The answer must consist solely of the lines from the one with "Abstract blue water" through the last line of the data, copied exactly, with no pictures.

#### RECORDED DATA

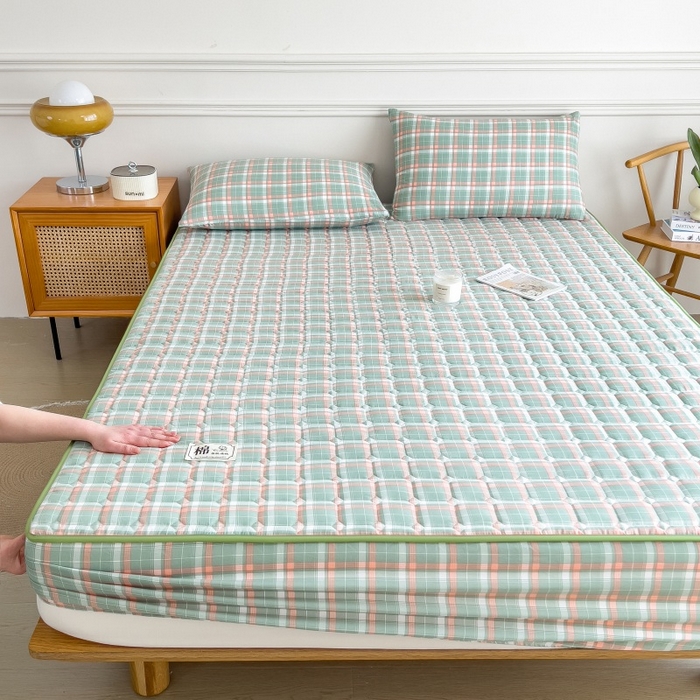 91家纺网 家纺一手货源 找家纺 蕾诺家纺 2025新款色织水洗棉棉花夹棉床笠保护套 橘绿条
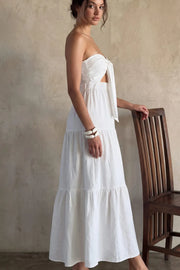 Vestido midi strapless de escote corazón con nudo amarrable, cut out frontal, cintura elástica, detalle de capas de olanes en bajo y fruncido en espalda.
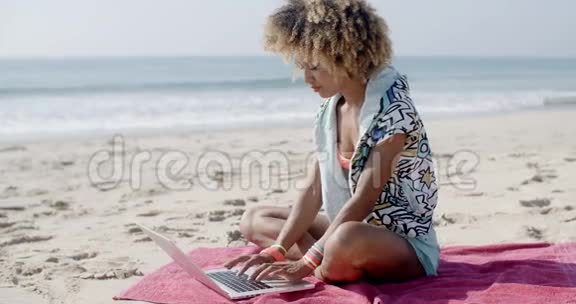 夏日海滩上有笔记本电脑的女人视频的预览图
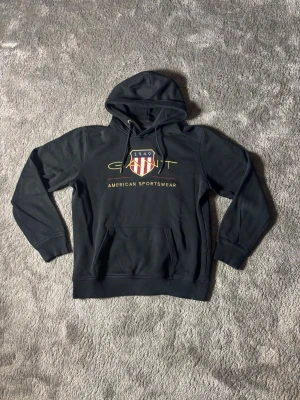 Svart hoodie från Gant - Snygg svart hoodie från Gant med broderad logga och texten 'American Sportswear' på bröstet. Klassisk huva med dragsko och stor magficka framtill. Tillverkad i mjukt material, perfekt för en avslappnad stil.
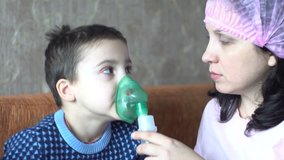 A young woman in a pink hat. A little boy makes inhalation. Room in the house. Human health. Nurse. 4K video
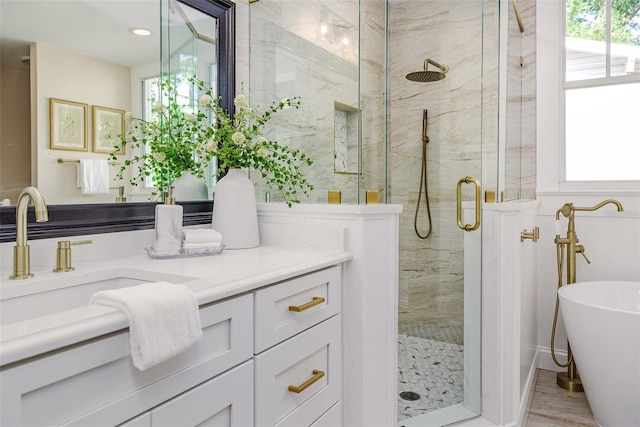 746 Mississippi Ave, Lakeland, FL 33801 - full bathroom featuring a stall shower, a freestanding bath, and plenty of natural light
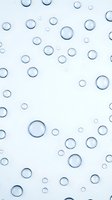Abstract blue water bubbles floating on light background creating clean minimalist pattern for modern design projects and digital artwork applications.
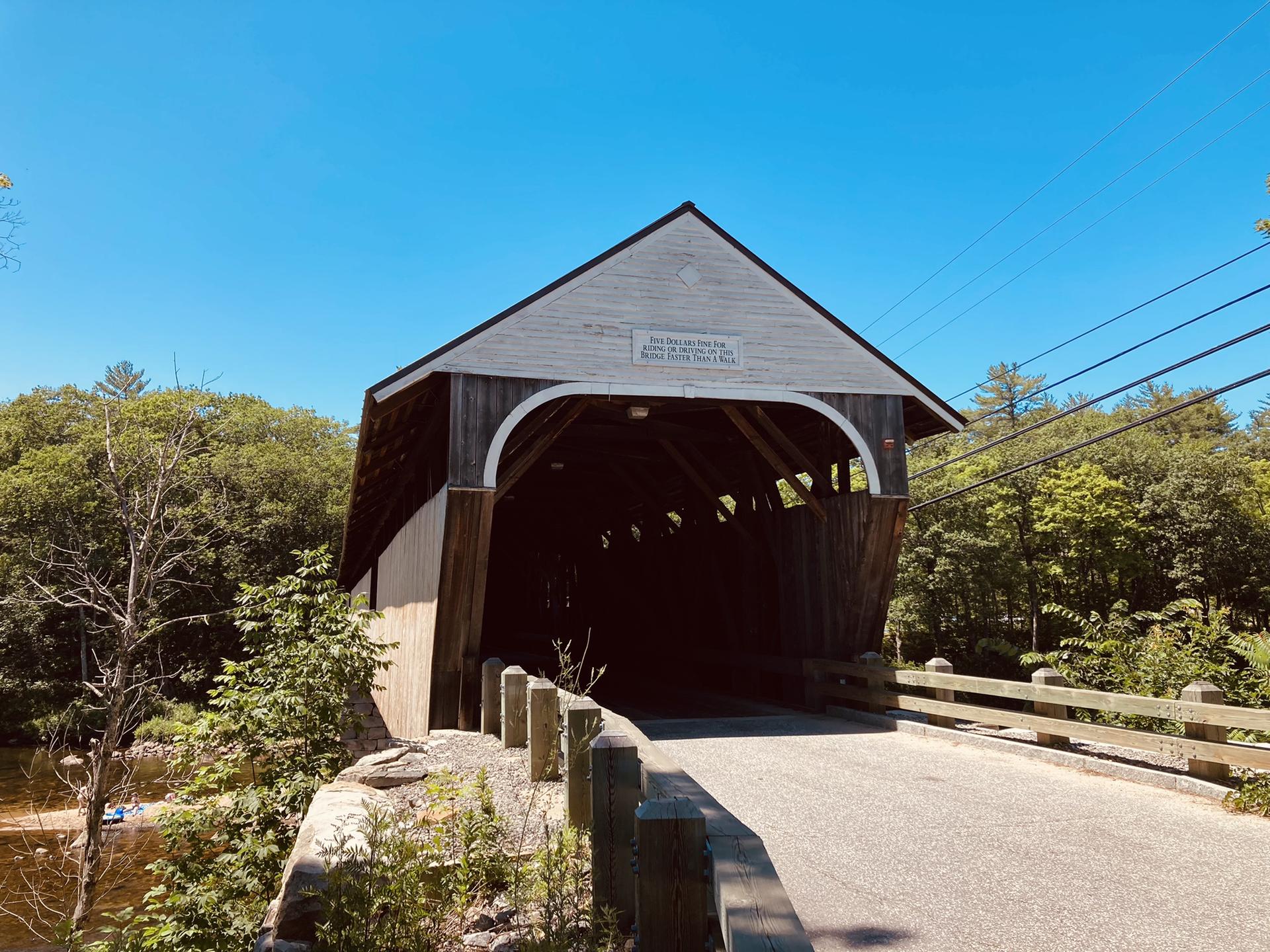 A rustic wooden covered bridge spans a river on a bright day.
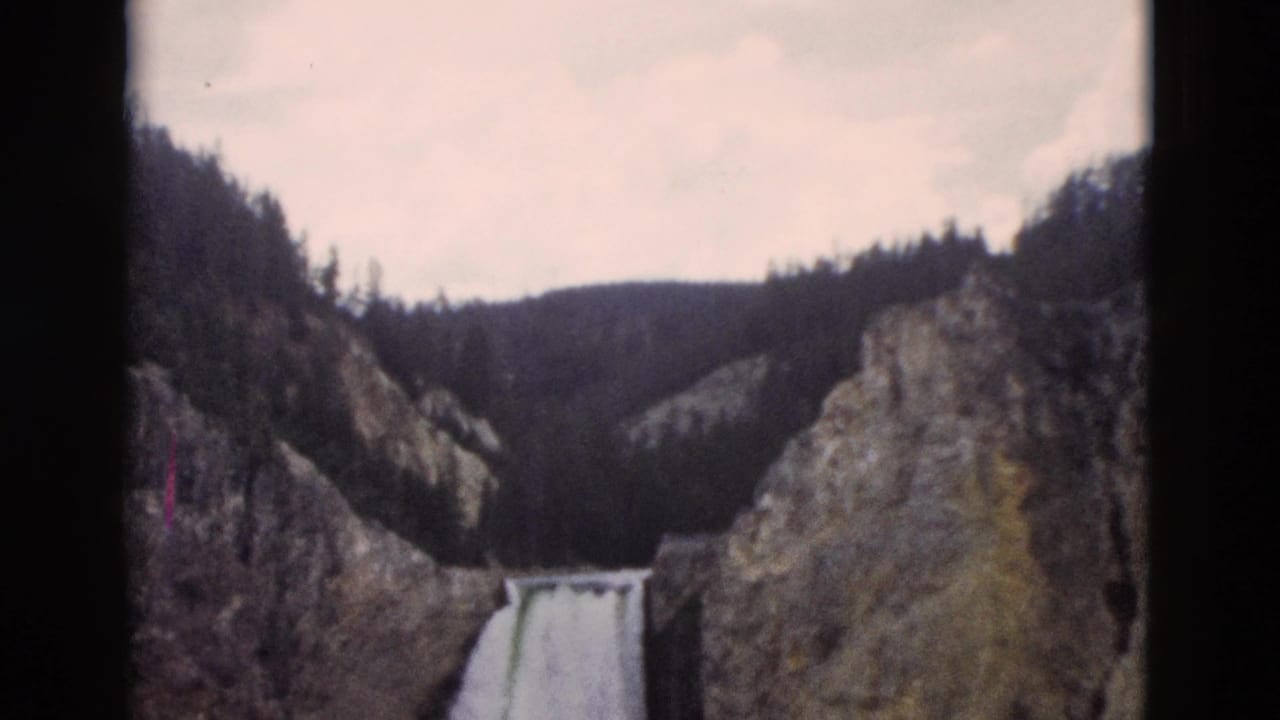Yellowstone, Wyoming 8mm frame with a distant waterfall, rugged canyon rock, and pine forest along the ridge.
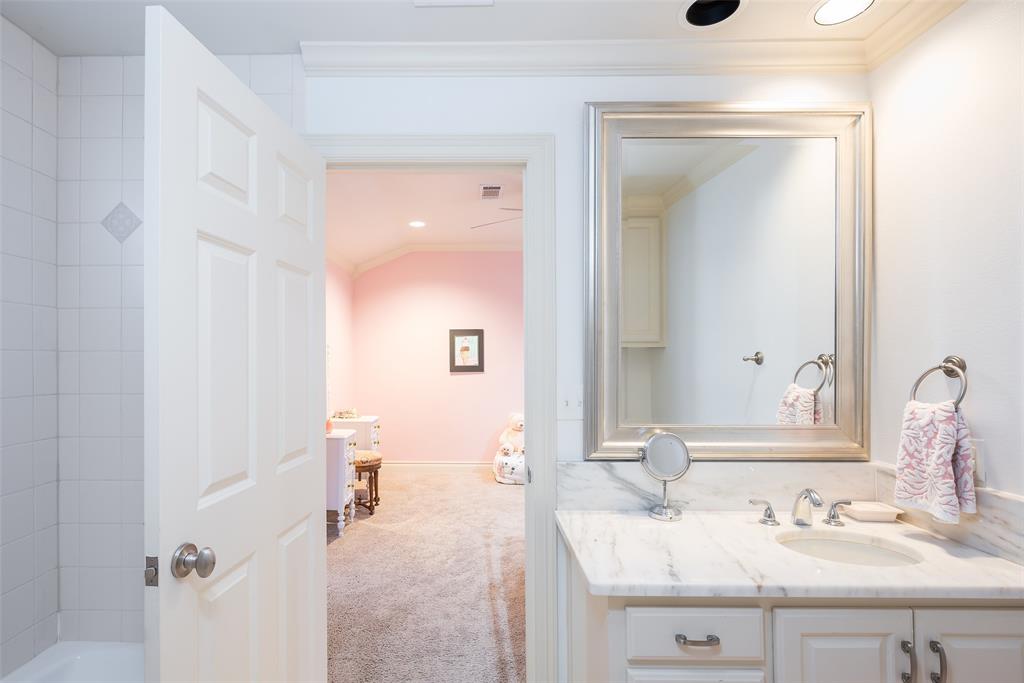 4422 Pomona Road Dallas, TX 75209 - Photo 25 of 34 a bathroom with a sink and a mirror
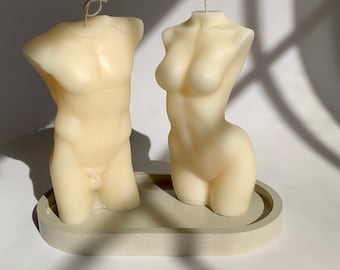 May include: Two white, sculpted candles in the shape of a male and female torso, sitting on a light gray oval tray.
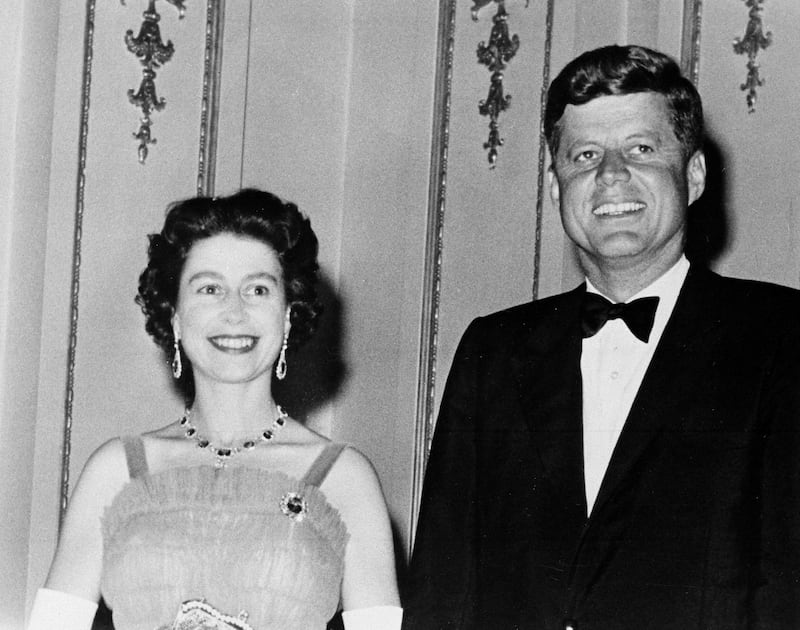 Queen Elizabeth II welcomes former US president John Kennedy to Buckingham Palace. AP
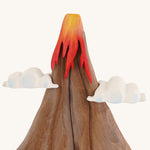 A close up of the A Bumbu volcano wooden toy on a plain background.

########

- _RESPONSE TO THIS EXERCISE_:
Abstract blue water bubbles floating on light background creating clean minimalist pattern for modern design projects and digital artwork applications.
 A rustic wooden covered bridge spans a river on a bright day.
Yellowstone, Wyoming 8mm frame with a distant waterfall, rugged canyon rock, and pine forest along the ridge.
 4422 Pomona Road Dallas, TX 75209 - Photo 25 of 34 a bathroom with a sink and a mirror
 May include: Two white, sculpted candles in the shape of a male and female torso, sitting on a light gray oval tray.
 Queen Elizabeth II welcomes former US president John Kennedy to Buckingham Palace. AP
 A close up of the A Bumbu volcano wooden toy on a plain background.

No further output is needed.